TASK OBJECTIVE> Up to and including the line that holds "4744 Sandcastle Drive — photo", copy every line of the records below exactly, starting at the first; leave pictures out.

Start of DATA RECORDS

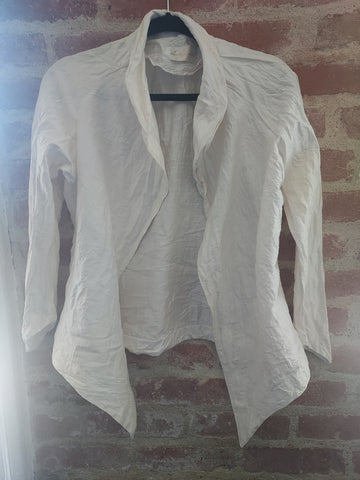 Victoria straight"  architectual symphonie of masterpattern blazer blouse here in pressed smooth crisp white egyptian cotton.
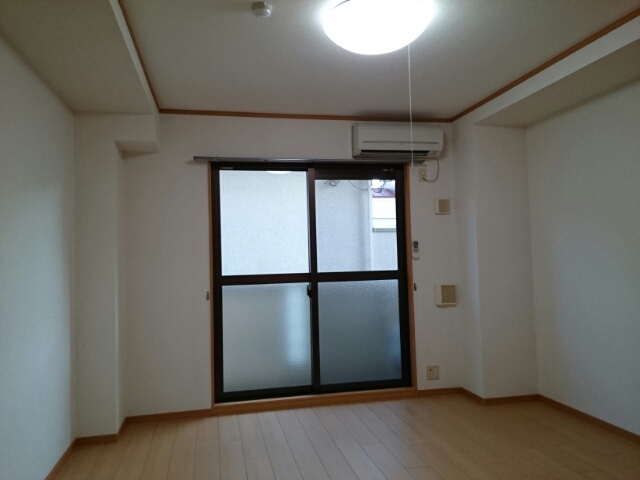 ソレイユ山坂 リビング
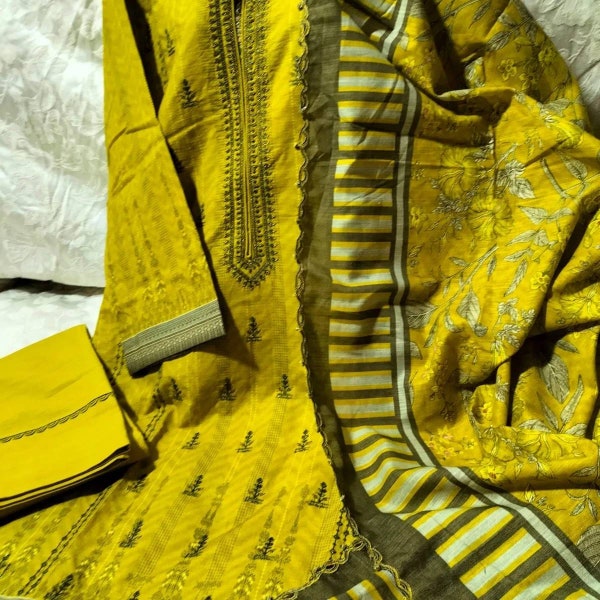 Pakistani Mehndi Color 3 Piece Khaddar Dress- Shalwar Kameez - Pakistani Indian Style - Medium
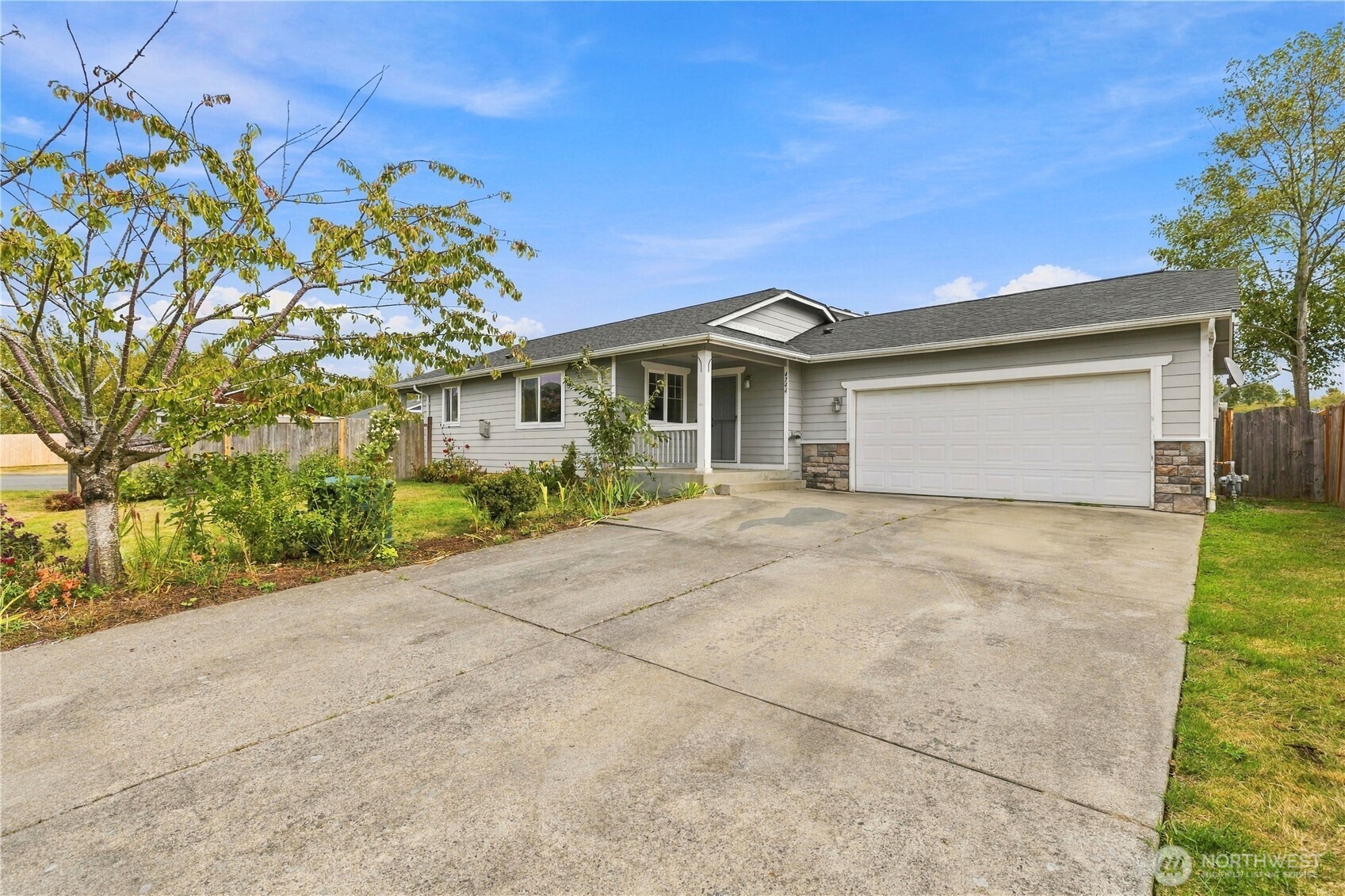 4744 Sandcastle Drive — photo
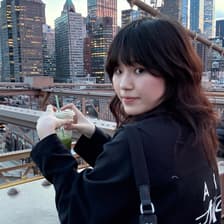 Profile picture for Helen chen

End of DATA RECORDS

TASK OUTPUT>
 Victoria straight"  architectual symphonie of masterpattern blazer blouse here in pressed smooth crisp white egyptian cotton.
 ソレイユ山坂 リビング
 Pakistani Mehndi Color 3 Piece Khaddar Dress- Shalwar Kameez - Pakistani Indian Style - Medium
 4744 Sandcastle Drive — photo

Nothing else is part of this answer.